Bei ekligen Auswärtsspielen fehlt Benzema
Was Sorge bereitet: Während es bei der Abwehr und dem Mittelfeld noch eher so wirkt, als hätte die geistige Frische nur ausnahmsweise mal komplett gefehlt, scheint die Angriffsreihe mit Vinícius Júnior und Rodrygo Goes sowie wahlweise Federico Valverde oder Marco Asensio für die allmählich ekligeren Auswärtsproben gegen kampfbetonte und motivierte Gegner ungeeignet zu sein – so wertvoll sie bei dem Blick auf das große Ganze als Torjäger auch sind.

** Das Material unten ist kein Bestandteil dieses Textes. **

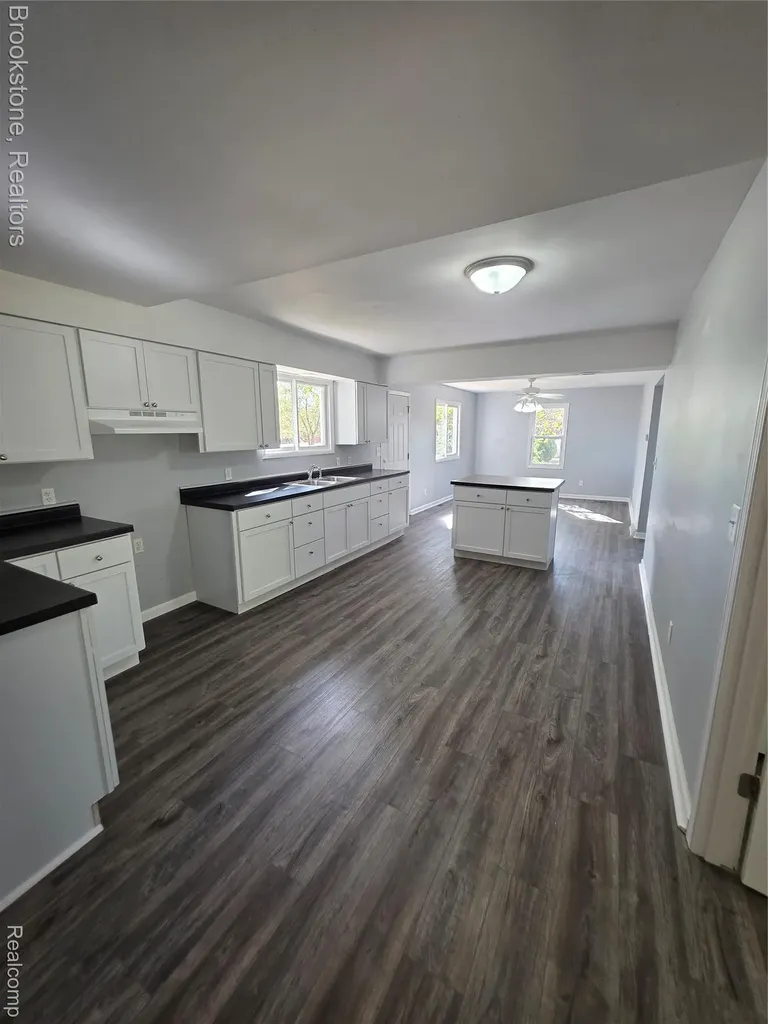 7385 N Lewis Road Genesee Charter Township MI 48458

Beispiel Leipzig, Beispiel Rayo.
Das Gefühl bei einem Auswärtsspiel ohne Karim Benzema weicht gerade zu sehr von dem Gefühl bei einem Auswärtsspiel mit dem Kapitän ab. Er fordert und hält die Bälle, ist der Leader, gibt als solcher Tempo und Richtung vor. Gegen Rayo setzte der Ballon-d‘Or-Gewinner schon zum achten Mal in der laufenden Saison aus, weil er nach einer muskulären Ermüdungserscheinung „kein gutes Gefühl“ hat, so Ancelotti. Seine körperlichen Probleme ziehen sich seit Anfang September wie ein roter Faden durch die Hinrunde.
Mehr Punkte als 2021/22, diesmal aber nicht Erster
Real kann und darf vor diesem Hintergrund nicht davon ausgehen, dass er in der Rückrunde plötzlich immer fit und einsatzbereit sein wird – zumal er nach der WM mit Frankreich, je nach Abschneiden, ohnehin erst einmal wieder eine gewisse Zeit benötigt, um zu pausieren.

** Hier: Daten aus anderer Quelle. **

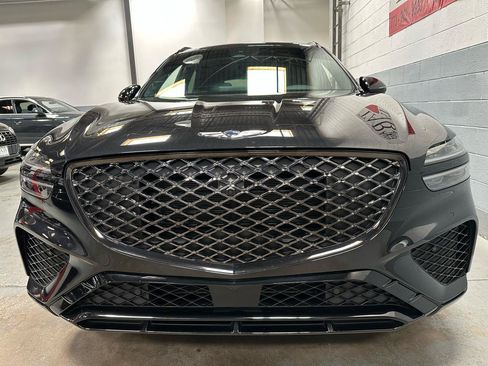 Used 2025 Genesis GV70 2.5T w/ Sport Prestige Package AWD/4WD image 7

Nach 13 Spieltagen in dieser Saison hat Madrid mit einem halben Benzema zwar zwei Punkte mehr gesammelt (32) als letztes Jahr (30). Der feine Unterschied: Damals reichte die Ausbeute für die Tabellenspitze (zwei Punkte Vorsprung auf den FC Sevilla), diesmal aber nicht. Der FC Barcelona punktet trotz seiner internationalen Peinlichkeiten mit 34 von 39 Zählern wieder meisterlich, während Real offenbar zurück in seine Rolle als notorisch inkonstantes Team verfällt. Die letzte Verteidigung des Meistertitels sprang 2008 heraus.

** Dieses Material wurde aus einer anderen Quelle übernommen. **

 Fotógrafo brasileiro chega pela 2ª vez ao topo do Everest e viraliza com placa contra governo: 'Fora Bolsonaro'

Kein Nachrüsten? So riskiert Real Madrid viel
Nach dann 15 Jahren soll es im Frühsommer 2023 damit eigentlich mal wieder so weit sein. Real ist gut beraten, diese leidige und nicht nachvollziehbare Zurückhaltung auf dem Transfermarkt endlich mal aufzugeben und im Januar eine Offensiv-Verstärkung an Land zu ziehen. Mit Antonio Rüdiger kam im zurückliegenden Sommer ein Verteidiger, mit Aurélien Tchouaméni ein Mittelfeldspieler und für die vorderste Front zum x-ten Male niemand.
Die Quittung für diese Passivität kassieren die Madrilenen mit den zahlreichen Benzema-Ausfällen und der Nibelungentreue gegenüber Rodrygo Goes, mittlerweile häufiger im Sturmzentrum, so langsam.
Wir denken nicht an den Winter-Transfermarkt, sind nicht an ihm interessiert. Der Kader bleibt so bis zum Saisonende und wird sich nicht ändern. Carlo Ancelotti am 29. Oktober
Ein völlig verbrauchter Eden Hazard und ein Mariano Díaz, der gefühlt alle fünf Wochen auf zehn Einsatzminuten kommt, können und dürfen keine ernstgemeinten Alternativen sein. Andernfalls riskiert Real zumindest seine Liga-Saison. Andernfalls war das vorvergangene Wochenende mit Barças Last-Minute-Sieg beim FC Valencia und Reals enttäuschendem Heim-1:1 gegen Girona womöglich so ein Vorbote, wie das Titelrennen diesmal ausgeht…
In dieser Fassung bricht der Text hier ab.